Clear-Splatting: Learning Residual Gaussian Splats for Transparent Object Manipulation

Motivation

Robot Gripper fail on transparent objects

Enabling robots to dexterously manipulate transparent objects can be put to use in various downstream applications. Robots often use depth images of objects to decide what action (e.g., pull, lift, or drop) to perform. However, common depth sensors struggle to capture depth images for arbitrary transparent objects [1], [2], [3], [4] and the same is true for monocular depth estimators [5]. Learning-based approaches for transparent object depth estimation work well in-distribution, but can struggle to generalize outside their training data [1]. The lack of surface features on transparent objects also makes it challenging to retrieve depth maps using approaches such as COLMAP [6].

Fig1. Depth Anything (bottom left two) and Intel RealSense^TM (bottom right) camera perform poorly for transparent objects

Neural Radiance Fields (NeRFs) [7] are implicit neural network scene representations trained on multiple views of the same scene and capable of state-of-the-art novel view synthesis. Dex-NeRF [1] and Evo-NeRF [8] showed that NeRFs can perceive depth of transparent objects to grasp them. However, these methods also showed that NeRFs tend to struggle with transparent objects, such as wine glasses or kitchen foil with challenging lighting conditions. Dex- NeRF, while achieving high grasp success rates, was slow to compute. To address this, Residual-NeRF [9] contributed a method which uses a background NeRF, a Residual-NeRF, and a Mix-Net to speed up training and improve depth maps.

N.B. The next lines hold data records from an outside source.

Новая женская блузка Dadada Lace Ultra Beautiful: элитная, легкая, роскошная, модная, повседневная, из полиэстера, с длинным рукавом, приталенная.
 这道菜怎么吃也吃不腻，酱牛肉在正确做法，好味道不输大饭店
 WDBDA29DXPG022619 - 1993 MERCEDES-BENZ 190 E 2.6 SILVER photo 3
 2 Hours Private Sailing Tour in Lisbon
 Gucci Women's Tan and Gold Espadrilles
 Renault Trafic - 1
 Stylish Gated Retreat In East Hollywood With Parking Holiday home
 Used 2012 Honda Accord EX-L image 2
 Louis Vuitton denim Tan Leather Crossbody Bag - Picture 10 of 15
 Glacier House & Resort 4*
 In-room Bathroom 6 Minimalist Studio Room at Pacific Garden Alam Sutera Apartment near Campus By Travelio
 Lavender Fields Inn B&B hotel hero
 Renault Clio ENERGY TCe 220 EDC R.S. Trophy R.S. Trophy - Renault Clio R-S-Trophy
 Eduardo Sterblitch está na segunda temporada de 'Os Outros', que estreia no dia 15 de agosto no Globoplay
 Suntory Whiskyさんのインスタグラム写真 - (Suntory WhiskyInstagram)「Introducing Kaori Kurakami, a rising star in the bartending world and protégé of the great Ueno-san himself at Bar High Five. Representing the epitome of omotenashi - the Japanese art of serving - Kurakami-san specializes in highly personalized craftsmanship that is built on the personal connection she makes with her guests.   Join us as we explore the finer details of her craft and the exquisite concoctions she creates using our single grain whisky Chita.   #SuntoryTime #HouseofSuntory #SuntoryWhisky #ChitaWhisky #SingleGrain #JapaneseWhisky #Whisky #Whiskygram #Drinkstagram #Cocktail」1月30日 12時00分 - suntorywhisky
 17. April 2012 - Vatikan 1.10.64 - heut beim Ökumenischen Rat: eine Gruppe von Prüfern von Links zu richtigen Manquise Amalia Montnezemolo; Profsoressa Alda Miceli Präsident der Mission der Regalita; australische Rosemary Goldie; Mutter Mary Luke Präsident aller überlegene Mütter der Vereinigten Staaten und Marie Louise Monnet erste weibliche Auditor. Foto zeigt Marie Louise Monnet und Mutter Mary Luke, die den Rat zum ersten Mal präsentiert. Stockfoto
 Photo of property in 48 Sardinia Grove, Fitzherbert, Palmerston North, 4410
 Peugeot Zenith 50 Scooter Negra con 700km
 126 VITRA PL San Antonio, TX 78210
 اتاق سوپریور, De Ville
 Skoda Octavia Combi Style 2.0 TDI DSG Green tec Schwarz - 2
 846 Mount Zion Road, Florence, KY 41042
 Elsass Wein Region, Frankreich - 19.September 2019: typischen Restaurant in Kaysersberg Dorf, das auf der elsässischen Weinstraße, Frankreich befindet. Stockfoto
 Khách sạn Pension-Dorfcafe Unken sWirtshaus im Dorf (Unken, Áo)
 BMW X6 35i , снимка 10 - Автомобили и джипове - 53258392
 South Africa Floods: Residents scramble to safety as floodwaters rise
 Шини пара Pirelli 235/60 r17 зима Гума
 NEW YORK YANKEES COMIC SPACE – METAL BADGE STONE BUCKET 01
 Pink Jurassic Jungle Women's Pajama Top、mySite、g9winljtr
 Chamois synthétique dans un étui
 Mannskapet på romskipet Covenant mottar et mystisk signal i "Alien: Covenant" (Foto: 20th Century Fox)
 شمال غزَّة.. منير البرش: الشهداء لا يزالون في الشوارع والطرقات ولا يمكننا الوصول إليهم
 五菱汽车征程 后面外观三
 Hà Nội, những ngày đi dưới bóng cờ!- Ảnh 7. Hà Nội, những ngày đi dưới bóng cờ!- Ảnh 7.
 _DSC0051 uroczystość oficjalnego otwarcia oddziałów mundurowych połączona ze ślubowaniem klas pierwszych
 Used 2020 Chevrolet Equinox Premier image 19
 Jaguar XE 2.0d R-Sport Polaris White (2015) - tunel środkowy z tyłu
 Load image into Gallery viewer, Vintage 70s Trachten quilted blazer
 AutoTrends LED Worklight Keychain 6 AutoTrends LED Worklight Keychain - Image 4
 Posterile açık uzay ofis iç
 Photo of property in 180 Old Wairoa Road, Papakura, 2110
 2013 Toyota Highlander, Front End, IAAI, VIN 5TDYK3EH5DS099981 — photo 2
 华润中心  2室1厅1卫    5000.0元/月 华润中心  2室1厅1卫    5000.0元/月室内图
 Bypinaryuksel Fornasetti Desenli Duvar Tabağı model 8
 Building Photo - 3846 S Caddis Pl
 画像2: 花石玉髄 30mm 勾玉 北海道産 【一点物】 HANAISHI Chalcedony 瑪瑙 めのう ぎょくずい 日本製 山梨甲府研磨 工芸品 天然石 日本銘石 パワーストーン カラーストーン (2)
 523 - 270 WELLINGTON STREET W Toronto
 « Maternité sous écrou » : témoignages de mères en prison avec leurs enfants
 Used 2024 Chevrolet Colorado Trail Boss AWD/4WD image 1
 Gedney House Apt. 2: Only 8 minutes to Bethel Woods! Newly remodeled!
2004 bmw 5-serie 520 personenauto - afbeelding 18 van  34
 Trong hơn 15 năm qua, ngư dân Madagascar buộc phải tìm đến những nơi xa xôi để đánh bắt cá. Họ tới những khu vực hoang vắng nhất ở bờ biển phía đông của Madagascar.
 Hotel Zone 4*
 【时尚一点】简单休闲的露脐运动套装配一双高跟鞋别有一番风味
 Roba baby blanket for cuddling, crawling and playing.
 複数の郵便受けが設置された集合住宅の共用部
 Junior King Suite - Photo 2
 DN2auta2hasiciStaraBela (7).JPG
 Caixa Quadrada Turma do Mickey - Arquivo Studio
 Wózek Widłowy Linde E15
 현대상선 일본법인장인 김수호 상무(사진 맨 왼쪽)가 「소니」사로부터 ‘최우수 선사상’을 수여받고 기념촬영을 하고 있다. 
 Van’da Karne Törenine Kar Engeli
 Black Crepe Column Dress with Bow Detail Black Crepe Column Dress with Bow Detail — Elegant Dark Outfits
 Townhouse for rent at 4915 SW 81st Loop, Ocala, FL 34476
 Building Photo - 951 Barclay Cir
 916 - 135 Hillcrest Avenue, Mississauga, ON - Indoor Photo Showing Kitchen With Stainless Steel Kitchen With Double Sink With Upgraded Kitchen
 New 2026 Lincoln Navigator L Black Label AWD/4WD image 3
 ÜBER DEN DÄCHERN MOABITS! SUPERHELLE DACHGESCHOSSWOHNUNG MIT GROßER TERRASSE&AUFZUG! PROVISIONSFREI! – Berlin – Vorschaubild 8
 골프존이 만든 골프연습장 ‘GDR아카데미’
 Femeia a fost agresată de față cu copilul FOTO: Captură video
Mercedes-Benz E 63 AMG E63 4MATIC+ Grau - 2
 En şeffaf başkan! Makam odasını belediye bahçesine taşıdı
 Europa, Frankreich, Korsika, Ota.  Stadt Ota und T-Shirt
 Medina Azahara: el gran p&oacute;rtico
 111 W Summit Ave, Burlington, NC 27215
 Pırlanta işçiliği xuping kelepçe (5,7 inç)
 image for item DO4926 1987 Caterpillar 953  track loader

In this work, we study the performance using Gaussian Splatting [10] (3DGS) for transparent object depth perception. We propose Clear-Splatting, a method to leverage a strong scene-prior to improve the depth perception of transparent objects using 3DGS. In many scenarios, the geometry of the robot’s work area is mostly static and opaque, e.g., shelves, desks, and tables. Inspired by Residual- NeRF[9], Clear-Splatting leverages the static and opaque parts of the scene as a prior, to reduce ambiguity and improve depth perception. Clear-Splatting first learns background Splats of the entire scene by training on images without transparent objects present. Clear-Splatting then uses images of the full scene with the transparent objects to learn residual Splats. It additionally uses a depth-based pruning technique to remove potential ‘floaters’, which are floating Gaussians of high opacity irregularly positioned through the scene, and consequently outputs a cleaner depth map.

We also propose ClearSplatting-2.0 which doesn’t require the scene priors and works on robustly integrating world model to obtain scene priors. The main challenge is that these world models have poor performance on transparent objects and ClearSplatting-2.0 proposes a method to distill information from such imperfect world models to obtain priors while maintaining robustness to their imperfections.

We evaluate Clear-Splatting and ClearSplatting-2.0 on four photo-realistic synthetic scenes and compare their performance to other neural rendering-based baselines. We compare depth reconstruction quality. The results suggest that Clear-Splatting improves on the NeRF-based approaches with a 67.09% lower RMSE and an 87.80% lower MAE in depth estimation. ClearSplatting-2.0 also beats the best 3DGS-based baseline (Clear-Splatting) by upto 33% lower RMSE and by upto 32% lower MSE in depth estimation.

Clear-Splatting has been accepted as a ⭐️Spotlight presentation at RoboNeRF workshop at ICRA-2024.